NEWTON COUNTY, ARKANSAS, Ark. — According to a release from the Osage Nation Historic Preservation Office (ONHPO), officials have successfully petitioned the U.S. Board on Geographic Names (USBGN) to designate the highest peak in the Ozark Mountains, the “Wahzhazhe Summit."

The peak reaches an elevation of 2,561 feet in the Ozark National Forest, situated in the Boston Mountains area of the Osage Nation Ancestral Homelands, a little more than 13 miles east of the city of Pettigrew, AR. 

The Director of the ONHPO, Dr. Andrea Hunter, said that when she saw “Buffalo Lookout" proposed as a name for the peak, she responded.

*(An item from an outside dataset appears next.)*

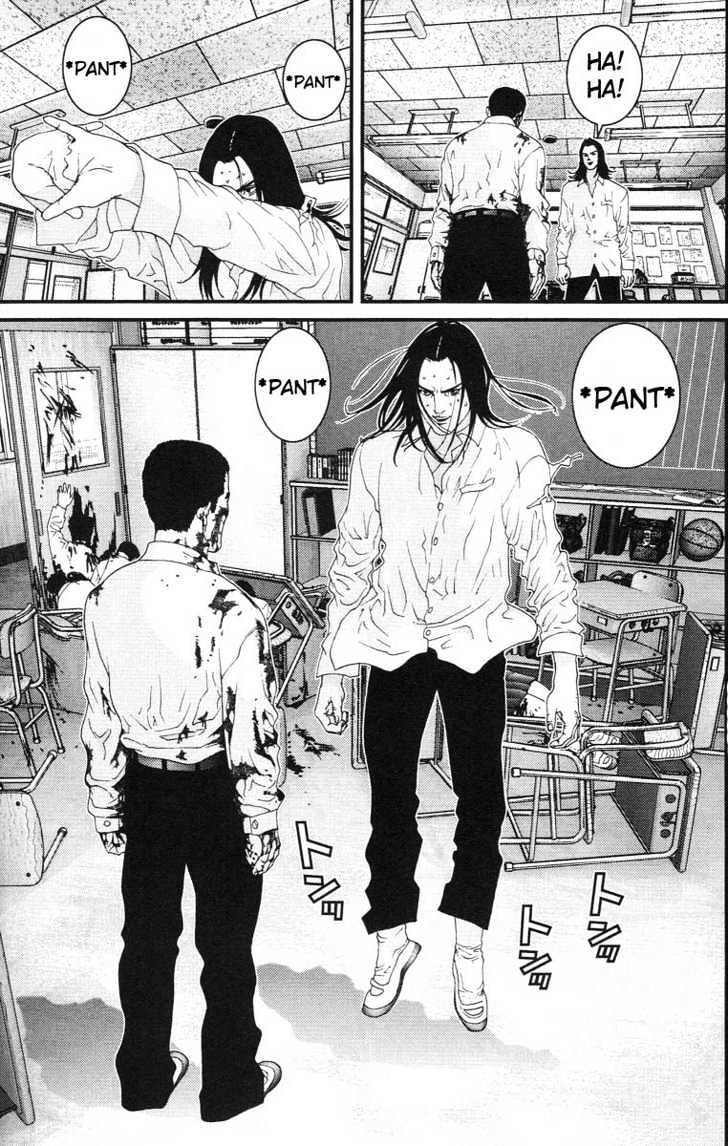 Read Gantz (en) Manga Online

“I emailed the USBGN stating that rather than naming the summit [after] a fire tower that was on the summit, we suggest naming it for the indigenous people who lived on the Ozark Plateau for 1,300 years before being removed, the Osage Nation,” Dr. Hunter explained. “I submitted a proposal for an alternate name, Wahzhazhe Summit.”

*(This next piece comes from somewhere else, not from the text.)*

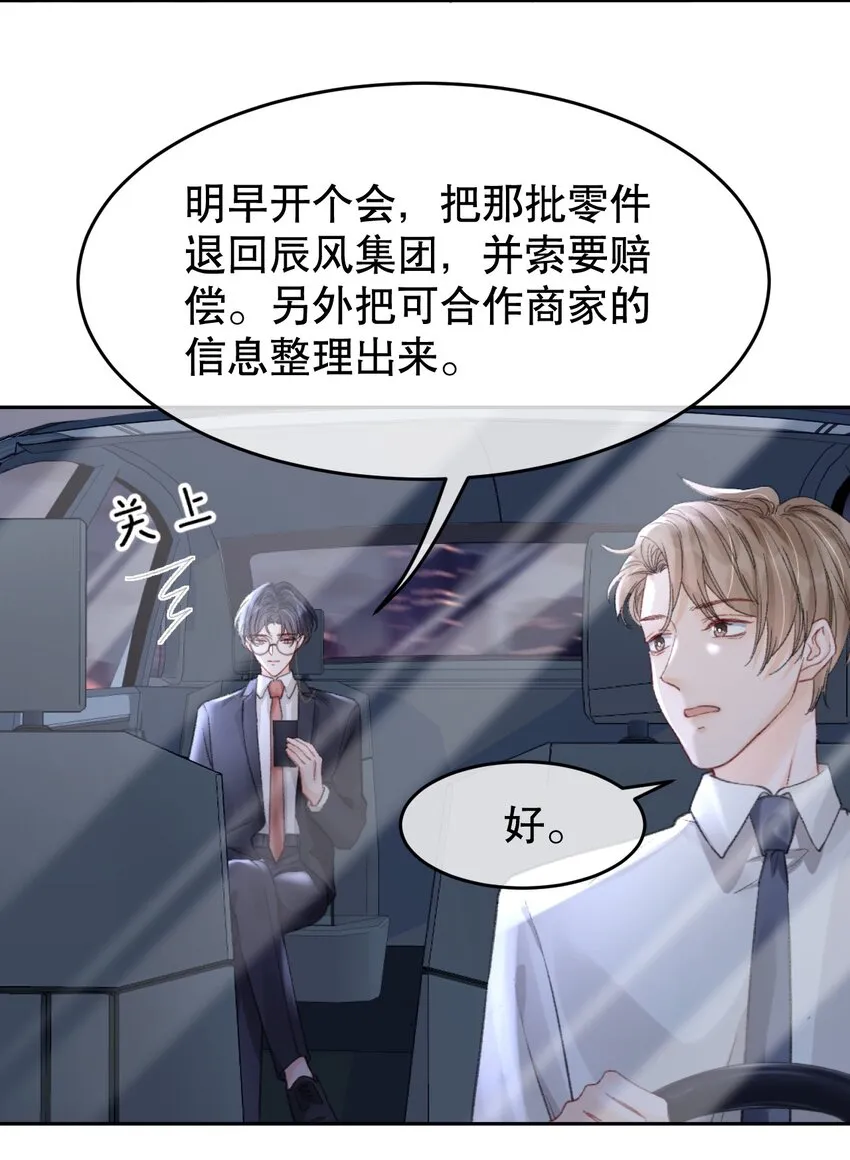 009 他们两个绝对有问题 第10页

According to the Osage Nation, Wahzhazhe, meaning "People of the Middle Water," was used as a name for themselves, before it was "historically deduced to the interpretation and spelling of 'Osage' after colonization and forced migration."

In response to Dr. Hunter’s proposal, the USBGN sought input from various sources, including the original advocate of "Buffalo Lookout."

Dr. Caven Clark, a former archaeologist at Buffalo National River in northern Arkansas, wrote a letter in support of Dr. Hunter's proposal, stating, “The ‘giving’ of this name reasserts the covenant between the Osage people and this living and dynamic landform as a symbolic reference point to a unique past and a shared future."

Credit: 5NEWS
The Osage Nation

“The Osage Nation Historic Preservation Office works tirelessly to protect our ancestral lands across 16 states,” Dr. Hunter said. “The history of our Nation and our footprint on the landscape is generally not known by the public at large. When I see an opportunity where we can assist in educating the public about our ancestral lands, I take it. I couldn’t have been happier with our success.”